Sami Whitcomb is easily the best women’s basketball player in Australia’s WNBL but she makes no secret about setting her sights on the WNBA. And with what she accomplished in the last 18 months, her WNBA dream is certainly within reach.
Whitcomb is not only the talk of the WNBL, but the league’s raging MVP favourite after compiling one of the finest individual starts to a season in recent history.
The slick shooting guard has never looked back after being snapped up by the Lynx at the beginning of last season, averaging a league-high 25.3 points per game this campaign to form the centrepiece of Stewart’s title-contending unit.

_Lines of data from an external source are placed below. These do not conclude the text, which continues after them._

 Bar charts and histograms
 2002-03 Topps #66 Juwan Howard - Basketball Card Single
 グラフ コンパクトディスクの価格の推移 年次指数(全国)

At 28, Whitcomb’s success is apt reward for a career spent overcoming the odds to prove she belongs.
After a solid college career, the California native was the last player cut from tryouts for WNBA side Chicago Sky in 2010.

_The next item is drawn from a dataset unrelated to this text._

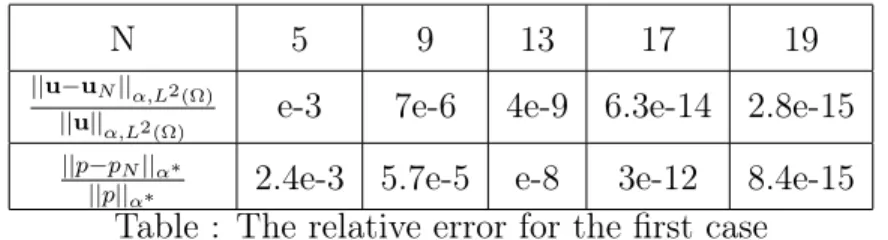 Table : The relative error for the first case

It led to Whitcomb taking a year out from the game to become Washington’s video co-ordinator after initially failing to find an overseas playing role, with the absence from the court fuelling the fire to succeed.
“I think I still play with a chip on my shoulder, because my whole career, I’ve felt like I have something to prove,” says Whitcomb, who arrived in Australia in 2013.
“I’ve always been ‘not quite good enough’, whether it was WNBA, or that first year (after college) where I couldn’t get signed overseas, or here.
“That’s been a part of why I continue each year to want to try and get better. That extra motivation – the fact that I constantly feel like I’m not good enough – maybe that’s what keeps me being able to grow.”
“The player I am now compared to the player that tried out for the WNBA and was cut is totally different,” sayd Whitcomb.
“I’d love to go back and just have a crack. In terms of career goals, it’s always been that last thing that I’ve been reaching for.”
Having morphed into a deadly offensive threat and energetic defender, Whitcomb has left her coach with no doubt about her prospects in the world’s top women’s league.
“My question would be, ‘Can she dominate it?’,” Stewart says.
“We have WNBA girls who come out here, high draft picks, and Sam has it over them easily.
“I definitely know she can play at that level. There’s no doubt about it.”